Past recipients of NPRP grants include Aditi Brennan Kapil/Mixed Blood Theater, Kira Obolensky/Ten Thousand Things Theatre, and Christina Ham/Pillsbury House Theatre.

Saymoukda Duangphouxay Vongsay
[image_credit]Photo by John Schaidler[/image_credit][image_caption]Lao-American poet, author, playwright and installation artist Saymoukda Duangphouxay Vongsay will be in residence with Theater Mu.[/image_caption]
The Loft announced the recipients of the 2020 McKnight Artist Fellowship for Writers. Children’s writer Lauren Stringer of Minneapolis, spoken word artist Blythe Baird of Minneapolis, and three poets – Michael Torres of Mankato, Jacob Lindberg of Victoria and Claire Wahmanholm of St. Paul – each received $25,000.
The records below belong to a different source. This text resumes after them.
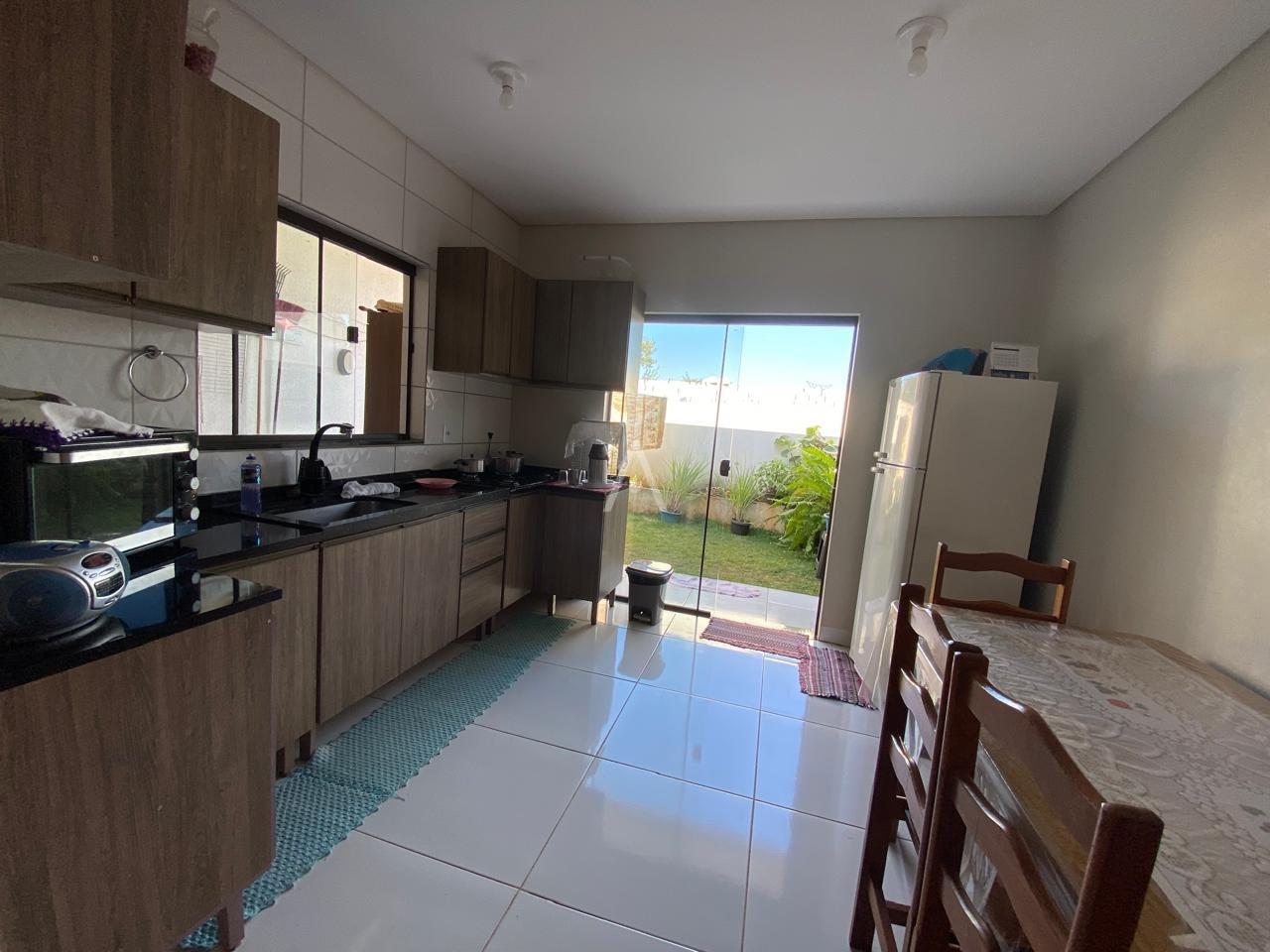 Casa Residencial para à venda no Bairro SAO FRANCISCO em TOLEDO: 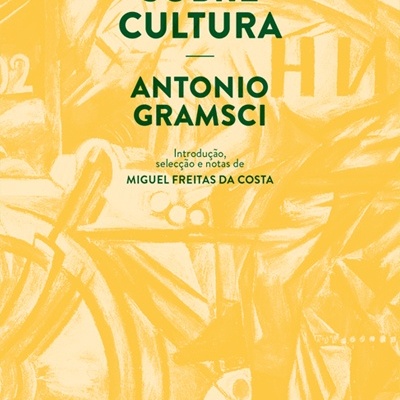 Textos Sobre Cultura - Antologia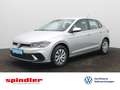 Volkswagen Polo Life 1.0TSI DSG / AppConnect, LED, SHZ, PDC Silber - thumbnail 1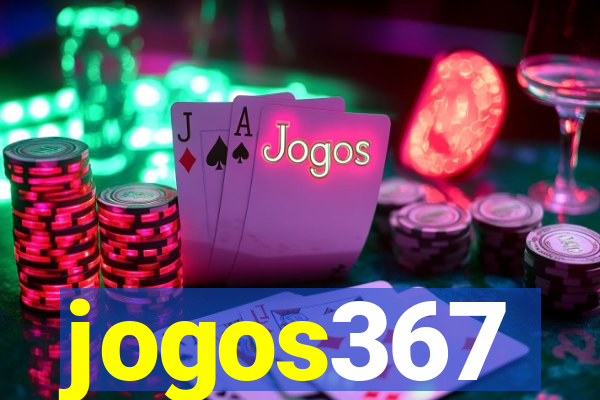 jogos367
The winners were chosen from among 150 qualified applicants. This year’s judges were Natalie Diaz in poetry, Patricia Smith in spoken word and Uma Krishnaswami in children’s literature. Public events at the Loft are scheduled for Diaz and Smith on Saturday, Sept. 19, and Krishnaswami in October, but whether those will happen is up in the air.
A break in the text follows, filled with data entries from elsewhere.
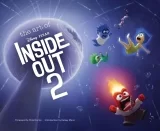 Артбук «The Art of Inside Out 2»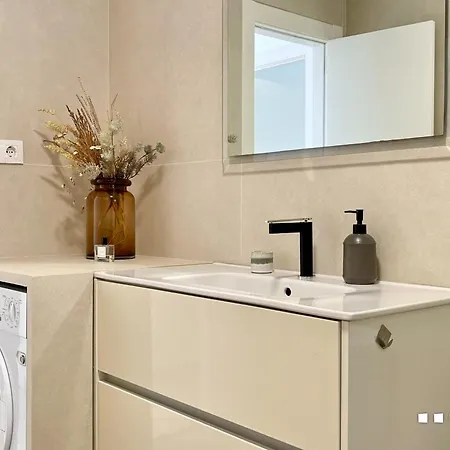 Villa Vh Costa Blanca - Almare *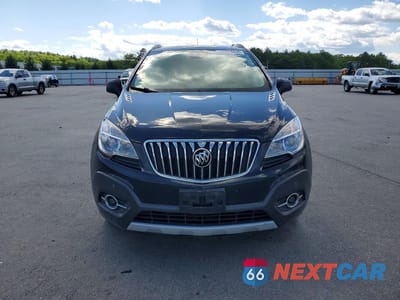 Piąte zdjęcie samochodu w środku: 2013 BUICK ENCORE VIN:KL4CJGSB0DB148414 - miniatura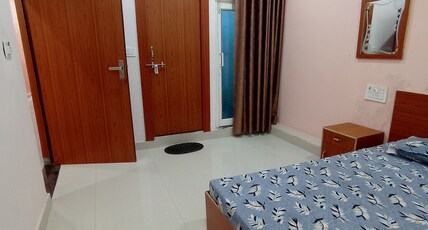 Saraswati Devi Atithi Bhawan Room Type - Bedroom 4 AC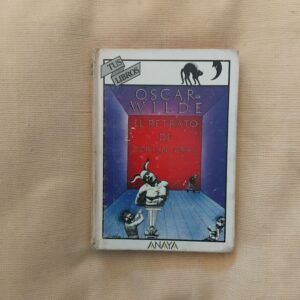 El retrato de Dorian Gray, de Oscar Wilde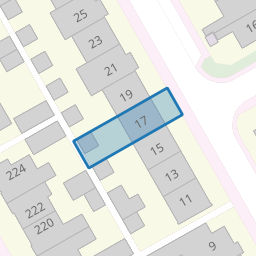 Perceel HKK01-D-10602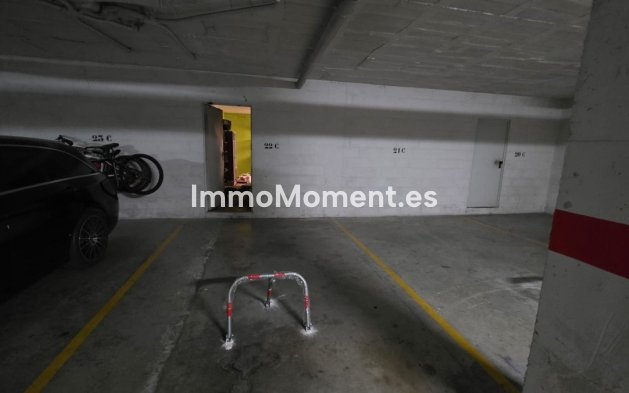 Reventa - Apartamento - Benalmadena - Benalmadena Centro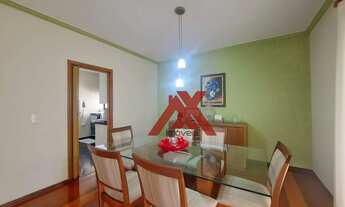 Imagem 7: APTO ALTO PADRÃO - 4 Dorm / 2 Suítes / 2 Vagas / 240 m² - SJRP/SP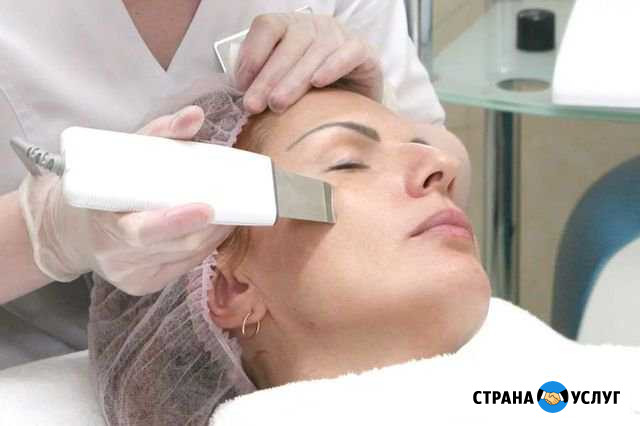 Бережная чистка лица Нальчик - изображение 1
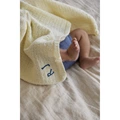 Image of DMC Personalised Baby Blanket Knitting Kit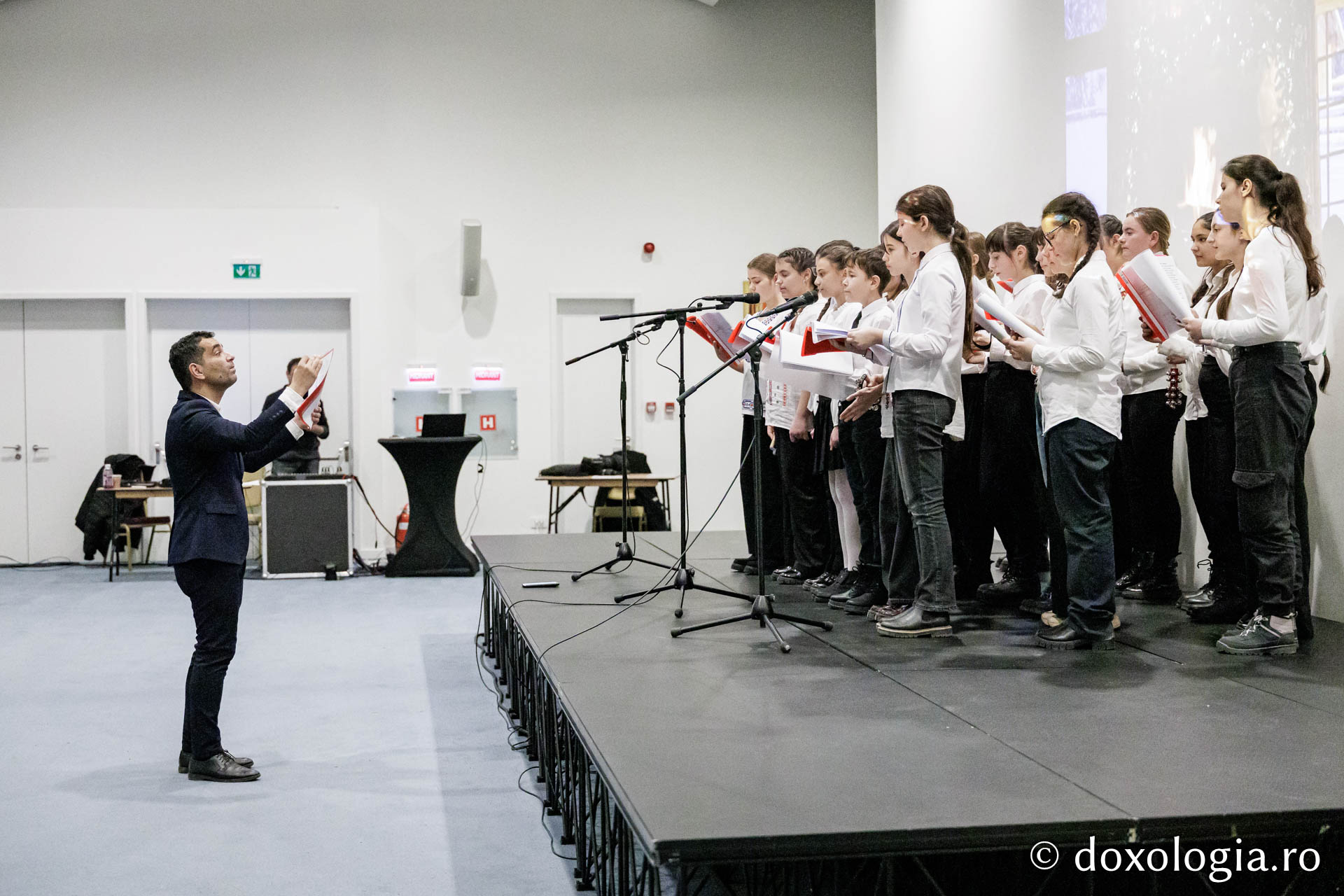 A X-a ediție a Festivalului „Cântul Păstorilor”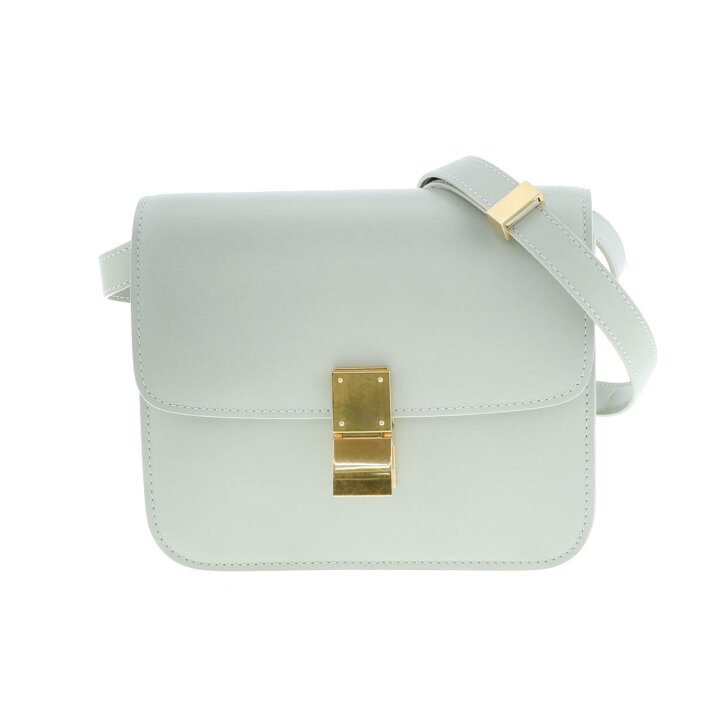 楽天市場】【お値下げ品】【中古】CELINE （セリーヌ） ｸﾗｯｼｯｸ ﾃｨｰﾝ 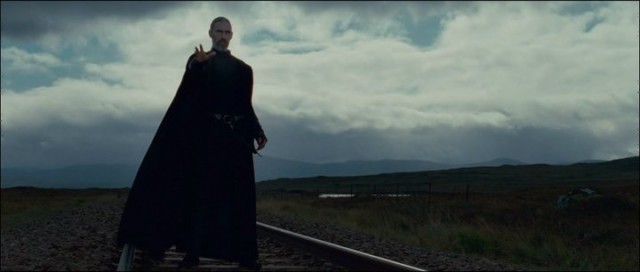 Harry Potter ve Ölüm Yadigarları: Bölüm 1 Fotoğrafı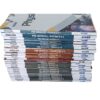 Allen NEET Leader 2024-2025 USED Modules – Complete Set of 22 Books (Physics, Chemistry & Biology)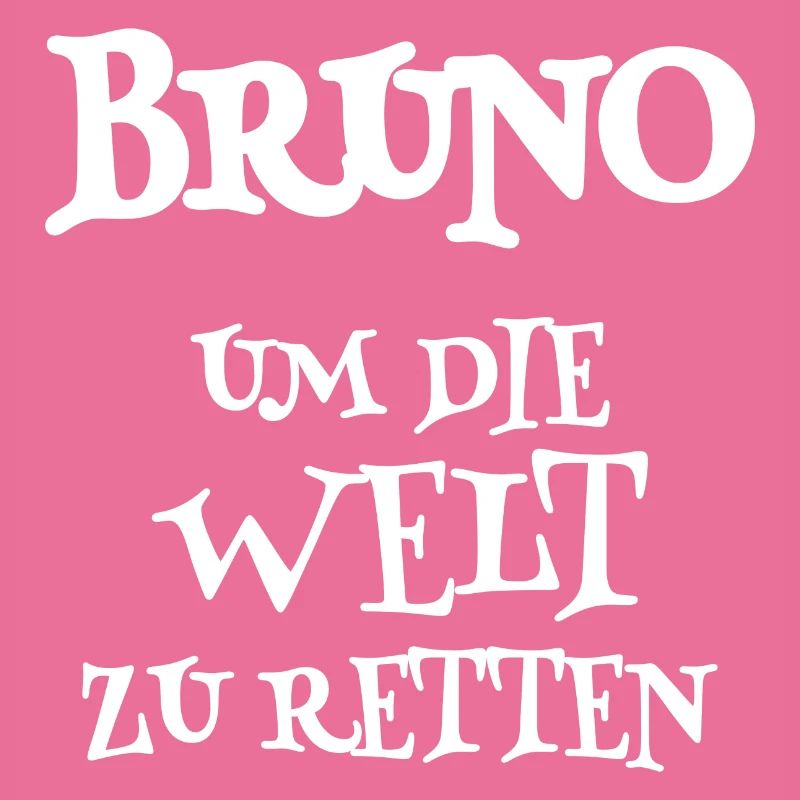 Retter Bruno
The Jerome Foundation announced 62 recipients of grants totaling more than $4 million through its Arts Organization Grants program. Jerome supports early career artists in Minnesota and New York City. (Founder Jerome Hill, grandson of James J. Hill, was born and grew up in St. Paul.)

This year’s Minnesota grantee organizations are the following:

For dance: the Cowles Center (as fiscal sponsor of Momentum: New Dance Works)
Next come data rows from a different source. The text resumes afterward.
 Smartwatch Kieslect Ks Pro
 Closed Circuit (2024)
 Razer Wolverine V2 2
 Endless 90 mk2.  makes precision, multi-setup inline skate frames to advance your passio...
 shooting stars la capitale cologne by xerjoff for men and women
For literature: Coffee House Press, the Loft, Minnesota Prison Writing Workshop

For media including film/video: St. Paul Neighborhood Network (SPNN)

For music: American Composers Forum, Cedar Cultural Center, Zeitgeist New Music

For theater, performance and spoken word: Monkeybear’s Harmolodic Workshop, Pangea World Theater, Pillsbury House Theatre, the Playwrights’ Center, Open Eye Figure Theatre (as fiscal sponsor of Puppet Lab), Theater Mu

For visual arts: All My Relations Gallery/Native American Community Development Institute, Anderson Center for Interdisciplinary Studies, Forecast Public Art, Highpoint Center for Printmaking, Lanesboro Arts Minnesota, Minneapolis College of Art and Design, Minnesota Center for Book Arts, Springboard for the Arts (as fiscal sponsor for Public Functionary), Textile Center of Minnesota

Jerome Arts Organization Grants were designed to support one or two years of programs and services benefitting early career artists. This year, because of COVID-19, all grantees have the option of using the first year of funding for general operating support, if necessary.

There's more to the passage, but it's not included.